Chowhound Presents: |

Restaurants & Bars

San Diego

Yet another "Shota" moment at Kaito - any others?

Share:

More from Restaurants & Bars

Restaurants & Bars San Diego

Yet another "Shota" moment at Kaito - any others?

cgfan | | Oct 14, 2007 12:12 AM

I just came back from what I would call another "Shota" moment at Kaito in Encinitas.

For those who may not know of the genre, "Shota" in this case refers to the main protagonist of the Japanese "gourmet" TV drama (gurume dorama, as they say) named "Shota no Sushi". It chronicles the struggles of Shota, a young itamae-san in training as he conquers skill after skill with every episode. Though the dramatic portions are overdone and hilarious in their lack of subtlety, the series also runs like a docu-drama of sorts on the ins and outs of traditional sushi. Every sushi fan must see this excellent series. (English subs are available.)

In any case practically every detailed skill presented in this series does not appear to be readily available in any of our western media. Each skill, on its surface which appears to be so small, becomes the basis for an entire episode, the secret to cutting a nori-maki, the personal style of one's own sushi, the different styles of forming a piece of nigiri-sushi, the role of fish selection, the secret to a good tamagoyaki, etc. Though the viewer will hopefully understand that these skills would take a lifetime to master, it's quickly consumed by the viewer a single episode at a time.

So I have come to describe experiences, and there have been many at Kaito where Morita-san would share annecdotes collected from a lifetime of training under two masters under one roof (his master and his master's master), as "Shota" moments.

So what was tonight's Shota moment? Shortly after Morita-san had prepared a nigiri of toro for me, (his selection of excellent tane is so diverse that I've taken to have only a single piece per order), he paused briefly before pulling back the plate and decided to prepare a second nigiri out of the same block of toro; in fact he made his next cut from the part exposed by the previous slice of toro. He also used the same rice, and asked me to judge the difference.

Well I reversed their order, having the second one first, and after contemplating the nigiri I had my second piece. This was my personal assessment, which I related to Morita-san in Japanese. The first nigiri I had tasted predominantly of shari (the sushi rice), and the toro was barely noticeable, to the point of almost being denatured, lifeless. The second piece I had had a wonderful balance to it, with the shari playing a supporting and complementary role, that is present and playing "backup harmonies", to the tane which in this case just exploded with flavor and texture. Both the nigiri and the tane of the second piece were seductively textured and exploding with oil, while the first one did not.

The first nigiri seemed just a tad firm while the second one had the nice texture that I have come to expect from Morita-san, though this I did not relate to him as the taste difference between the two became the "headline story" of the test. (I find he varies the texture depending on the tane, with some of his lightest touches present when he prepares a nigiri of fresh anago, a perfect match for its delicate texture...)

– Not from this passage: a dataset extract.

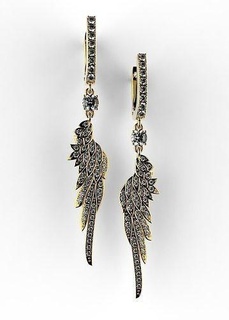 piuma orecchini gioielleria oro natura argento uccello arte donna 3d modello baia regalo brillante 3d print model - Mito3D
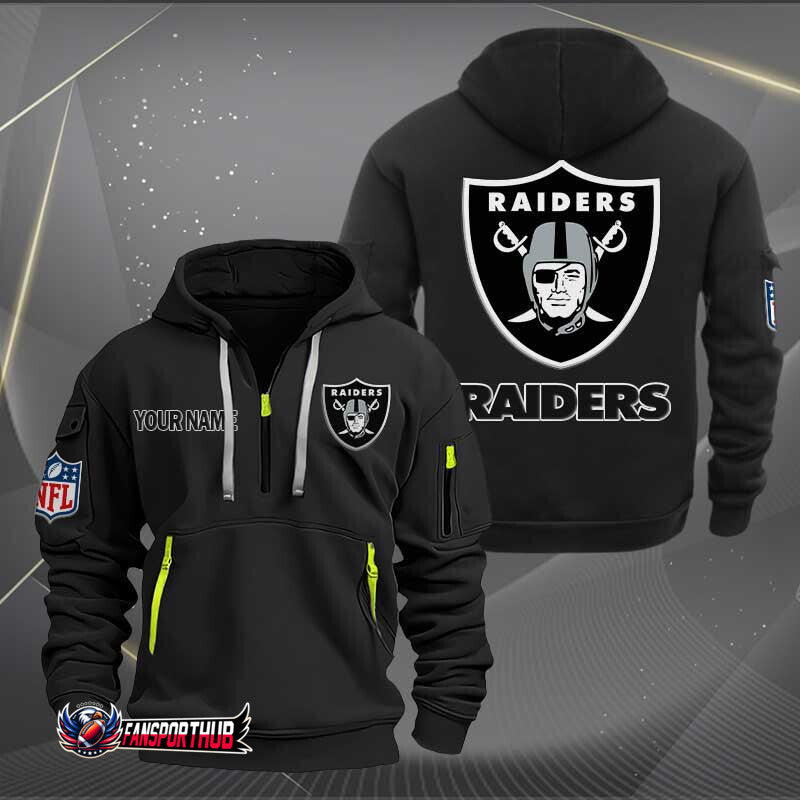 Las Vegas Raiders New Personalized Quarter Zip Hoodie Limited Edition AZBTQZH000234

The difference? The first nigiri I had did not have any "air" in it, while the second nigiri did. In other words the difference was in the touch of his hands as he formed the nigiri, of years and years of training and dedication to his craft culminating in these bite-sized culinary jewels. He relates that he can form the nigiri faster by leaving out the "air", but does not in order to serve the best product that he can.

(If the "air" part seems a bit strange, some cross-cultural food analogies might be in order here. Some that come to mind - a barely whipped-up biscuit mix [or tempura batter for that matter!], meatballs formed with the right consistency [or for that matter the ball of meat in a gyoza or shu mai dumplilng], a properly formed hamburger patty or the incredible crab cakes at Oceanaire! And sometimes it's still compressed, but just enough, such as in a well-pressed sandwich or in a properly tamped puck of carefully ground coffee to make a good espresso.)

So that was my latest "Shota" moment. Any others out there that would like to relate their own "Shota" sushi moments?